Downtown developer seeks extension on shopkeepers
A California developer is asking the city of Yuma for a second extension on his plans to build five shopkeeper units in the downtown area.
Craig C. Clark simply needs more time to finish the long-awaited project, said Charles Flynn, the city's riverfront development manager. Clark has already been granted one extension on the 12,000-square-foot-project on the east side of Madison Avenue between 1st and 2nd streets.
The project was first approved by the Yuma City Council in 2001.
Shopkeepers are housing units that combine living quarters upstairs with working quarters downstairs.
They are part of the city's plan to inject more year-round activity into the downtown area. During joint riverfront master planning several years ago between the city and Clark-Lankford LLC, it was decided that promoting new residential development in the downtown would be one of the goals of the plan.
Under the original development agreement with the city, the city sold the land to Clark with the understanding that he would invest no less than $500,000 in three shopkeeper units within 18 months.
However, the plan hit a snag when Clark went out for construction bids that came in higher than financially feasible.
Clark then asked for an extra year to redesign the shopkeepers so they would be cheaper to build. As part of the extension agreement, Clark agreed to build five shopkeepers instead of the original three.
Unfortunately, Flynn said, no one realized at the time the extension was approved that by requiring five units, the project would come under the city's subdivision requirements.
Those requirements lengthened the process considerably, Flynn said. The subdivision process wasn't finished until November 2003.
During that time, Clark worked out a separate development agreement with the city to construct water and sewer improvements from 3rd Street to 1st Street at the same time as he builds the shopkeepers.
According to the staff report, Clark has secured local bank financing for the project and has an agreement with a local contractor to build the units. He also has secured approval from the city's Historic District Review Commission for the project.

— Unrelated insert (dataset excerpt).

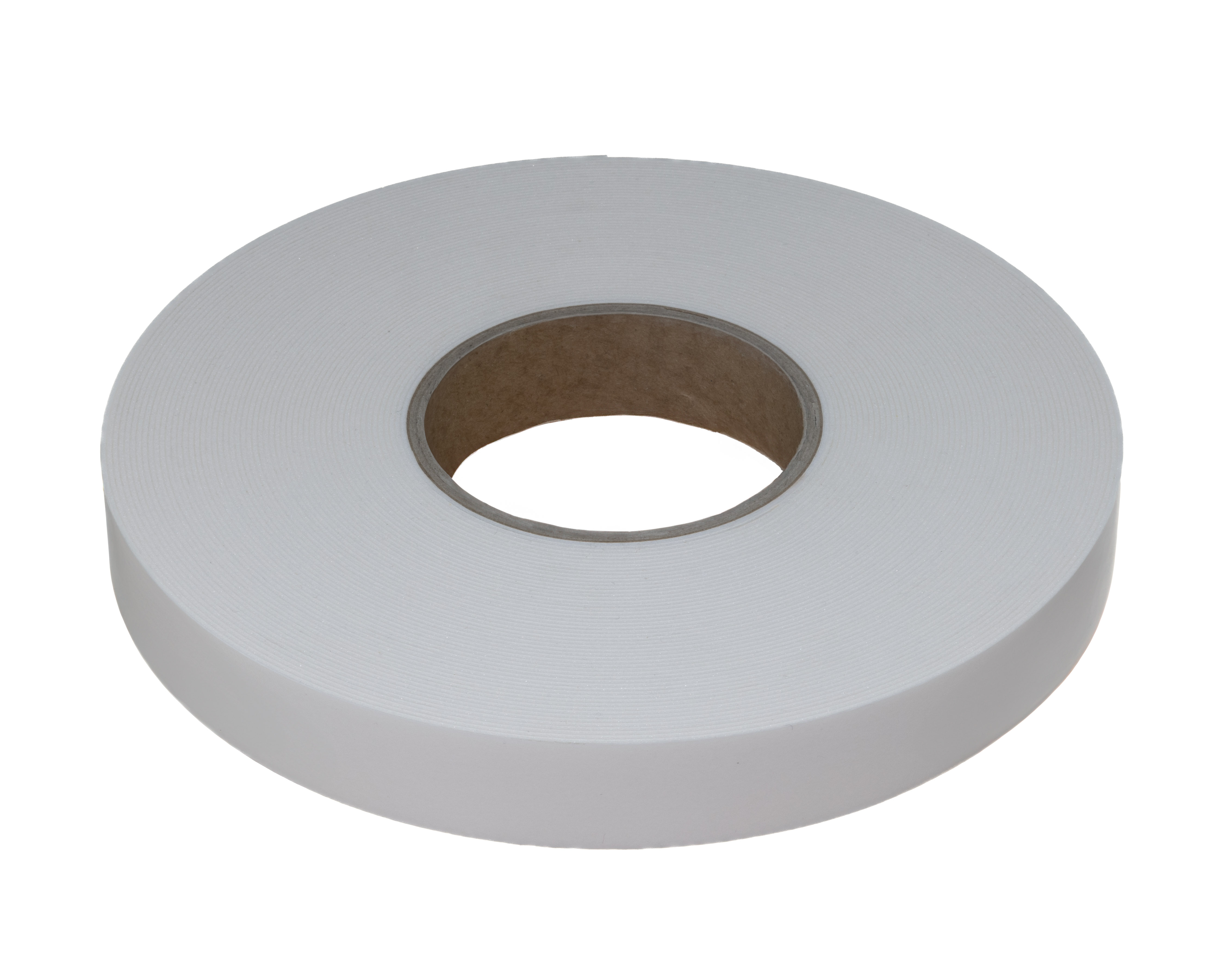 RS PRO White Foam Tape, 25mm x 25m, 1mm Thick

The new agreement with the city increases Clark's required investment in the property to $1 million and has built-in benchmarks for Clark to show significant progress on the property or have it revert to the city.
The banks involved in the project also have asked that any finished shopkeepers be removed from the reversionary clause.
If the Yuma City Council approves the new agreement on Wednesday, Clark will have to complete one unit by Aug. 18, three units by Nov. 18 and all five units by March 19, 2005.
The council meeting begins at 5:30 p.m. at Yuma City Hall, One City Plaza.
Also on the council's agenda is a request to approve a development agreement with Steve Shadle and Jon Jessen for a date-packing plant called Datepac LLC at 2574 E. 23rd Lane.
The city is being asked to reimburse Datepac an annual payment equal to the increase in property tax on the parcel after it's improved. The reimbursement would run for no more than five years.
The city expects the annual reimbursement to be approximately $3,000 but it could go as high as $5,000 in the event taxes are higher, according to a staff report.
The report says that Datepac meets the minimal threshold requirements in terms of employment and capital investment to be eligible for financial help under the city's economic assistance policy.